* [Your objective] Look through the data below for the string "Screw", and copy every line where it turns up.

* [Record set]

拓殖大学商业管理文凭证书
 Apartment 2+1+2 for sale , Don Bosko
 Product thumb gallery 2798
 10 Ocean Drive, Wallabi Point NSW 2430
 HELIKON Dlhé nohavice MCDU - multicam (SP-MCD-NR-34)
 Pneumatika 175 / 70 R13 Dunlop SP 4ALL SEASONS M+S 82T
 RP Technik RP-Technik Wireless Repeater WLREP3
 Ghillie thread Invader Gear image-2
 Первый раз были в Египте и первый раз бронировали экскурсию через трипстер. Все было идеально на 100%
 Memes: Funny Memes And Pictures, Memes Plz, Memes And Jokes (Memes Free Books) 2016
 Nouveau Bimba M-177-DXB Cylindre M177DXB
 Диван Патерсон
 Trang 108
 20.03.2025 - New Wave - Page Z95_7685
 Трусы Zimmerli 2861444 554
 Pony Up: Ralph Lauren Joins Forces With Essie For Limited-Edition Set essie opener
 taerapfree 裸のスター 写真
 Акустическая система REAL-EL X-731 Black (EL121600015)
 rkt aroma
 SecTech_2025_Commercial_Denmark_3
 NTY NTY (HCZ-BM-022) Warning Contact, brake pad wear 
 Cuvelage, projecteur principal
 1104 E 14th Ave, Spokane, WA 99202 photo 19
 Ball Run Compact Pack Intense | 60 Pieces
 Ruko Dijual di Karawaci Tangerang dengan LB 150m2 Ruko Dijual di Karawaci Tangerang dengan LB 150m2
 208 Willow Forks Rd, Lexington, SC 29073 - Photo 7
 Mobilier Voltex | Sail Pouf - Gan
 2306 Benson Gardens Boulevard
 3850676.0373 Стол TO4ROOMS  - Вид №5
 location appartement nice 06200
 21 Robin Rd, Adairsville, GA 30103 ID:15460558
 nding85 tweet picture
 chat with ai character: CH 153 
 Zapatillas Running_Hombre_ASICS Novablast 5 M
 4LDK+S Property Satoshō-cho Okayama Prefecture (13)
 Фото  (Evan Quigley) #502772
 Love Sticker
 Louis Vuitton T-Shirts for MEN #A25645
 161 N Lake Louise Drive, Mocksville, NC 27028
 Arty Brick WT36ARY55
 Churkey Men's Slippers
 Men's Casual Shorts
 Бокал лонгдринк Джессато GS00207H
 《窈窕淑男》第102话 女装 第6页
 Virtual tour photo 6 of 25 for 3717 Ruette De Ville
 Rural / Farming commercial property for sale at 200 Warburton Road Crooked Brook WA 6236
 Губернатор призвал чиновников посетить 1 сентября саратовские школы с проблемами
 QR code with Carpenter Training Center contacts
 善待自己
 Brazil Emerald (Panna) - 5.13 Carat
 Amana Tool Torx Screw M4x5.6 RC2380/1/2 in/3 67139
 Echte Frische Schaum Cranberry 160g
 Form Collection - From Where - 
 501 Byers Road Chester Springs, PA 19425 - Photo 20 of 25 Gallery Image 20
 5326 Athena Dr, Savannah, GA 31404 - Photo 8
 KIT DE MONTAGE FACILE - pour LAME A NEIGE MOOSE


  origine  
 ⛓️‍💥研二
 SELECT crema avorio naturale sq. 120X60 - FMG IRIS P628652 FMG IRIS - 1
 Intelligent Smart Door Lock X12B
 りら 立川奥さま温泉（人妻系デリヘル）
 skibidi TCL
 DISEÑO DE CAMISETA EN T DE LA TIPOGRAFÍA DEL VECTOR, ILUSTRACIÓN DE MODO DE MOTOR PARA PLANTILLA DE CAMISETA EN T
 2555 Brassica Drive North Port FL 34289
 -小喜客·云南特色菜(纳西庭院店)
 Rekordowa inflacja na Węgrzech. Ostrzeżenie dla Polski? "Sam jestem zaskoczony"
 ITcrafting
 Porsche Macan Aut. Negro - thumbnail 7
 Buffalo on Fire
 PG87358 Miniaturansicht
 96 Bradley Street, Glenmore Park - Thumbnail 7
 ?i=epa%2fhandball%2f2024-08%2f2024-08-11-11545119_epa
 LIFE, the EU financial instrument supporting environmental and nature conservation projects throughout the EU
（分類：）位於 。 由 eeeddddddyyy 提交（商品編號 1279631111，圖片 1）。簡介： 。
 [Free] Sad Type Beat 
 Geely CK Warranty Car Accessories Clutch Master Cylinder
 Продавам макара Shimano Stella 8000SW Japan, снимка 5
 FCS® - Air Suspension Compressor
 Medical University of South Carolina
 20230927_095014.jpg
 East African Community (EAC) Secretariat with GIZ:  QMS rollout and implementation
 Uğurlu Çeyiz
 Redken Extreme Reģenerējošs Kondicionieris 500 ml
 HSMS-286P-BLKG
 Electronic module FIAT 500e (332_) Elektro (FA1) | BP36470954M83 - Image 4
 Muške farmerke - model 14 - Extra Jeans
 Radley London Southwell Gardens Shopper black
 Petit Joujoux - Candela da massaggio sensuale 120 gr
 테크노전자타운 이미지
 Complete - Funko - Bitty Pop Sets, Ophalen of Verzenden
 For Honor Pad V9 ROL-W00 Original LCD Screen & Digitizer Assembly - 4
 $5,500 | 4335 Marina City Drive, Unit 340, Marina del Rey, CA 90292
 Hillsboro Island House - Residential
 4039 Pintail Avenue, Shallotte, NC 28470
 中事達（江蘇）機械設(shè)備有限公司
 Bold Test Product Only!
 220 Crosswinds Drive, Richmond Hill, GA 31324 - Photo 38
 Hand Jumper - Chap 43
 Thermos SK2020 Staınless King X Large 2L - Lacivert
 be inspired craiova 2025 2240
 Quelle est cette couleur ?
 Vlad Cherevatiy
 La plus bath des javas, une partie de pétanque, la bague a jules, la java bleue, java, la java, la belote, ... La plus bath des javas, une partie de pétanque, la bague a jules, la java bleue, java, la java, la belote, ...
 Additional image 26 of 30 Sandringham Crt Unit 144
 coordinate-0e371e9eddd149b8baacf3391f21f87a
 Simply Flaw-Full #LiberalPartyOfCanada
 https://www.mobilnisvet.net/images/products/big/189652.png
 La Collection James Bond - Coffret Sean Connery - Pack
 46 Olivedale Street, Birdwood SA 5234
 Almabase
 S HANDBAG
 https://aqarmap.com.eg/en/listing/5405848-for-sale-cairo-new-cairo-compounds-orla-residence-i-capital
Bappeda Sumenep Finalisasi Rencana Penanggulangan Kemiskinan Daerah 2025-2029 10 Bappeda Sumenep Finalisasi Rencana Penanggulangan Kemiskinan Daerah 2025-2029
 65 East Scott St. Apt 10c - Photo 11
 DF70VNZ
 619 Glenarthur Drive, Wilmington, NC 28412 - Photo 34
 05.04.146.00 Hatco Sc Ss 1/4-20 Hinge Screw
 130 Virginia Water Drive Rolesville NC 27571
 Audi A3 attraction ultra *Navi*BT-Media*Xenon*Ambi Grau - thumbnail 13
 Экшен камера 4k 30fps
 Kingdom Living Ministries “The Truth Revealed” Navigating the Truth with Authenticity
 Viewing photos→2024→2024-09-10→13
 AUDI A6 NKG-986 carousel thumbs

* [Answer for the task]
 Amana Tool Torx Screw M4x5.6 RC2380/1/2 in/3 67139
 05.04.146.00 Hatco Sc Ss 1/4-20 Hinge Screw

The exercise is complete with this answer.